The 32-year-old Army specialist enlisted in 2013. He spent four years on active duty before joining the Minnesota’s 2nd Combined Arms Battalion, 136th Infantry HHC, where he serves as an Army medic.
“I actually transitioned from being an EMT to a paramedic,” he said. “I went to school for two years … because I was on active duty for four years and all, I was able to jump right into the paramedic program and skip, I guess, a semester or so of schooling because I already had my EMT.”
George said the Army provided the training he needed to become an EMT. He spent eight weeks preparing for the rigorous National Registry EMT test, administered by the NREMT, the certifying agency for EMTs in the United States.
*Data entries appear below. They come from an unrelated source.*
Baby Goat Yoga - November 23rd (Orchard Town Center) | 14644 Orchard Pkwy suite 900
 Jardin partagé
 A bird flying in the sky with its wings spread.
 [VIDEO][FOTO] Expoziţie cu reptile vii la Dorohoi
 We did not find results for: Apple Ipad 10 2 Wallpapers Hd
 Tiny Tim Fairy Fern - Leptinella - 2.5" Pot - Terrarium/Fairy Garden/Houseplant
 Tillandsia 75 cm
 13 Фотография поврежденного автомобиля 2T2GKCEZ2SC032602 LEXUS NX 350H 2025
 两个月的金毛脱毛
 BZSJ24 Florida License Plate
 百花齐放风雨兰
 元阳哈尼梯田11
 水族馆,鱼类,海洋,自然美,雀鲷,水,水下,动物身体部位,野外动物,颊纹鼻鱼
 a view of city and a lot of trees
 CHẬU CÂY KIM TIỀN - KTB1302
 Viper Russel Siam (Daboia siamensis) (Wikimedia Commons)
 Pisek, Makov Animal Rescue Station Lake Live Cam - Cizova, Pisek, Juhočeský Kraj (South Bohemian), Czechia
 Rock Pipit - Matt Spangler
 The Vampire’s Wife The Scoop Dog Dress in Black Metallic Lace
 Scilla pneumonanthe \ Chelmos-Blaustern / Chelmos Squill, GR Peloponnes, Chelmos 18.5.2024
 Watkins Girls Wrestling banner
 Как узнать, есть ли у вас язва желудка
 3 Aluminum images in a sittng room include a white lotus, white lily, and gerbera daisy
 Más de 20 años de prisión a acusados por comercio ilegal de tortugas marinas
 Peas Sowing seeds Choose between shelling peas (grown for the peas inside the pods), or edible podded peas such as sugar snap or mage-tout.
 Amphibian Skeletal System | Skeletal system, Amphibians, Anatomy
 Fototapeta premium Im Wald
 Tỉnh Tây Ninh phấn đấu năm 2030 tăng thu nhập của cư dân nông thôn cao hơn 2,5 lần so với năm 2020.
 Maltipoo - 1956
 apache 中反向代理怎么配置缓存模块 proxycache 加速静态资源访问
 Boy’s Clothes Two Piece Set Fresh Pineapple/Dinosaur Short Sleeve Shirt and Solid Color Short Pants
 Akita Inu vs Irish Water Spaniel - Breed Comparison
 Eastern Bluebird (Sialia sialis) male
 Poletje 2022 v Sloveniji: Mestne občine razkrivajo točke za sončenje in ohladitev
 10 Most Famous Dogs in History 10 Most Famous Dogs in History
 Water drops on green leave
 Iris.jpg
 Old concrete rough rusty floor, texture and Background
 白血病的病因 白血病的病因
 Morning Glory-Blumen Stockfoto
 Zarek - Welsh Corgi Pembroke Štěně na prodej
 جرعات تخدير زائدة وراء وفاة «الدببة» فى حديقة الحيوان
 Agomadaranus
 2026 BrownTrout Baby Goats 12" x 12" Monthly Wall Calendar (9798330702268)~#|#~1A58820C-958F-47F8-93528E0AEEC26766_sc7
“They kind of pushed us. It was five, six chapters a week,” George said. “They pushed you through, and they really broke it down and helped us understand the material.”
After passing the test, the Army sent George to Joint-Base San Antonio-Fort Sam Houston in San Antonio, Texas, for 16 weeks of field medicine instruction in the 68 Whiskey Combat Medic Specialist Training program.
“It was your patient assessment,” he said. “It was trauma, learning all about trauma, the different kinds of trauma, you could potentially see how to treat it. And then you actually went out and did what we call a trauma lane, where you go through a simulation of combat, you get to the point where if somebody gets injured, you treat them. You move them … from the point of injury back to a triage area. And from triage, you still are treating them and then you’re evacuating.”
George was in college when he decided to change his vocational direction and visited an Army recruiter. The conversation turned to Army medics and his interest was piqued.
“I thought that sounded kind of interesting and fun,” George said.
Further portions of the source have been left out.